No business can avoid the cycle, and you can’t leap directly from Stage One to Stage Four. But the amount of time spent in any one stage can vary. One could argue that some large automakers have been only in the arrogance and bleeding stages since the mid-1970s. Several big pharmaceutical companies find themselves in a similar conundrum: Are they in Stage Five after years of phenomenal success? Or in Stage One? Or…? Forming a clear common perspective is the starting point for driving improvement.
You would think that everyone in a senior leadership position would agree about precisely which stage their company is in. But that is rarely the case. I recently met with the 10 top executives of a struggling company. One person said the company was arrogant, three said that it was making rapid improvement, three said that it was bleeding, two said that it was stable, and one said that it was making gradual improvement. When the answers are all over the map like that, the odds are high that the company has a serious and unseen problem. It turned out that critical company performance information was often not shared, even at the senior levels. This contributed to the lack of a common view.
I asked the senior executives: “How can each of us work for the same company, see the same things every day, and yet perceive the company so differently?” It’s important to keep this kind of discussion constructive; this is not a time for recriminations. There is a battery of questions to follow up with, but usually it is easiest to start with numbers: What’s happening with revenues? What’s happening to profitability? What’s the voluntary attrition among employees? How is customer retention? How do we compare with our competitors?

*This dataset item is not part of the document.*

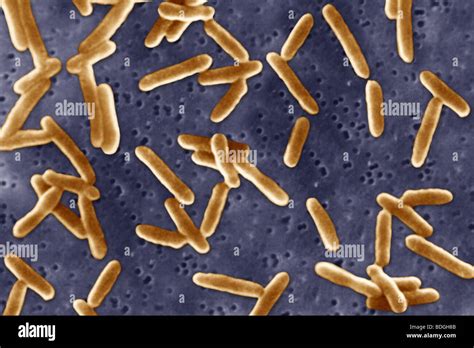Morganella Morganii Gram Stain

The goal of a discussion like this is to align the management team: to develop a common, realistic view of the company’s current state and its future prospects. If the top team isn’t aligned, then the rest of the company never will be.

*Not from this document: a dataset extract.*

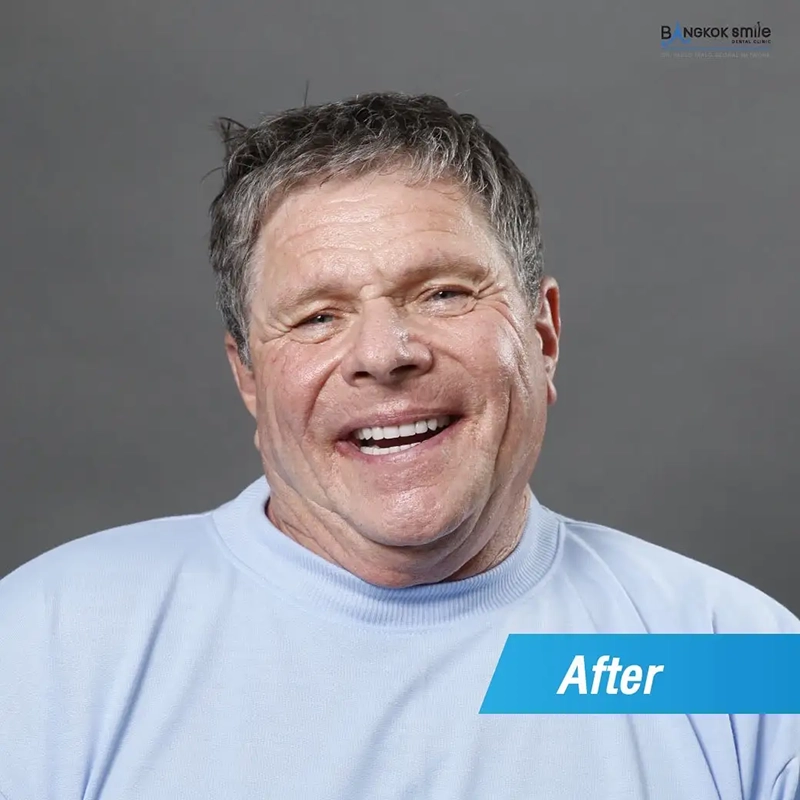 Patient Stories & Real-Life Transformations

Performance and Satisfaction
I also check for alignment in two other areas — performance and what I call “satisfaction.” Strong corporate performance is a function of two elements: exceptional results, as shown in performance measures, and exemplary behaviors, demonstrated by the way people conduct their work and the values instilled in the organization.
Here again, the perceptions of the senior team are the most significant indicator. So I ask them: “How are we doing? Do we have both strong results and a strong culture?” Corporate leaders profess to want both. But very few companies can consistently demonstrate exemplary behaviors and results. Some companies have strong results with terrible, self-defeating cultural values. Enron fell into that category. Others, like Levi Strauss during its unprofitable years, have an exceptional corporate culture but weak results.
Companies in crisis, as one might expect, tend to have managers who disagree about the state of their performance and especially the state of their values. Some companies still dispute whether behaviors are important (witness the stock option dating scandals), but most companies have learned to recognize the importance of strong values in achieving superior performance. Businesses in emerging nations are just beginning to learn this. I recently led a seminar at Yale University about human resources and leadership with 20 CEOs from state-owned enterprises in China. The importance of behavior was a new concept for them. “What do you mean?” they asked. “Are you telling me I’ve got to worry about setting the tone for how my employees should behave if I’m going to have a great company?” Yet all they had to do was look at Western companies in trouble to see the answer.